DÜNYADA enerjiye olan talep sürekli artarken bu talebin karşılanması için yeni enerji yatırımları yapılıyor. Ancak yeni yatırımlarda artık dikkat edilmesi gereken yeni konu başlıkları var. Bunlardan en önemlisi de çevre ve sürdürülebilirlik. Yıllardır Türkiye’deki yenilenebilir enerji projelerini finanse eden Türkiye Sinai Kalkınma Bankası (TSKB) bu alandaki en hassas kurumlardan biri.

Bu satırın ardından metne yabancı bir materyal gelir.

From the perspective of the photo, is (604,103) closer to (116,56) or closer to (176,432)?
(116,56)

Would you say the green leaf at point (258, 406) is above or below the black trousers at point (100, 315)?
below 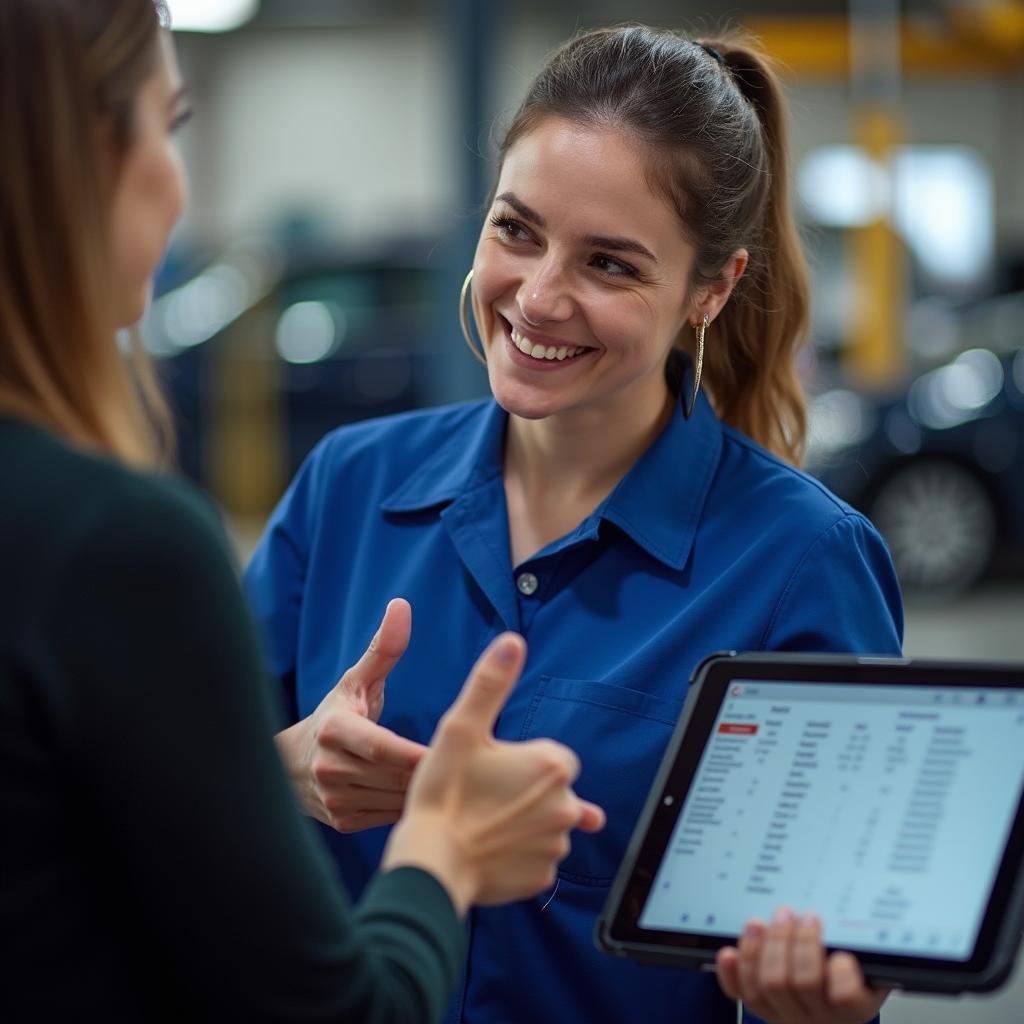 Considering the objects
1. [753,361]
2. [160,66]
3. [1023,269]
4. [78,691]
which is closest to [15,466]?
[78,691]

Dev enerji projelerini finanse ederken en fazla dikkat ettikleri konuların başında sürdürülebilirliğin geldiğini söyleyen TSKB Genel Müdür Yardımcısı Hasan Hepkaya, “Kısa süre önce büyük bir rüzgar santralı projesinin finansmanı için bir dosya hazırladık. Daha önceki projelerde çevre odaklı çalışmamıza rağmen bu dosyada daha önce bilmediğimiz bir vaka ile karşılaştık. Türkiye’de yaşayan 39 yarasa türünden 20’sinin, yatırımcımızın santralı kurmak istediği bölgede yaşadığı ortaya çıktı. Ve santral aynı zamanda önemli bir kuş göç yolu üzerindeydi. Hemen aksiyon alıp bu bölgedeki doğal yaşamın zarar görmemesi için uluslararası bir kuruluştan rapor hazırlamasını istedik. Şimdi bu gözlemlenip santral ona göre kurulacak. Dünyada bazı santrallarda göç zamanı santrallar sökülüp yerinden kaldırılıyor. Bu sadece tek bir örnek ama artık bütün projelerin finansmanında çevre ilk odak noktamız” şeklinde konuştu. Bankadan santralın yeri konusunda bilgi verilmese de yarasa türünün yoğunlukla Manisa-Balıkesir bölgelerinde olduğu belirtiliyor.

İKLİM DEĞİŞİKLİĞİ ŞARTI

İklim değişikliğinin bugün dünyada büyük projelere fon sağlayan finans kuruluşlarının ilk gündem maddesi olduğunu belirten Hepkaya, “Biz mevduat tabanlı değiliz. Uluslararası tematik fonları kullanıyoruz. Avrupa Yatırım Bankası (EIB), Alman Kalkınma Bankası (KfW), Fransız Kalkınma Ajansı (AFD) ve Japon Uluslararası İşbirliği Bankası (JBIC) gibi kurumların fonlarını kullanıyoruz. Bu fonlar sürdürülebilir odaklı. Ancak tüm bunlar da yetersiz. Yeni gündem maddelerimiz arasında enerji verimliliği de var. Özellikle Türkiye’nin verimsiz çalışan ağır sanayisini kısa sürede dönüştürmeye çalışıyoruz” dedi.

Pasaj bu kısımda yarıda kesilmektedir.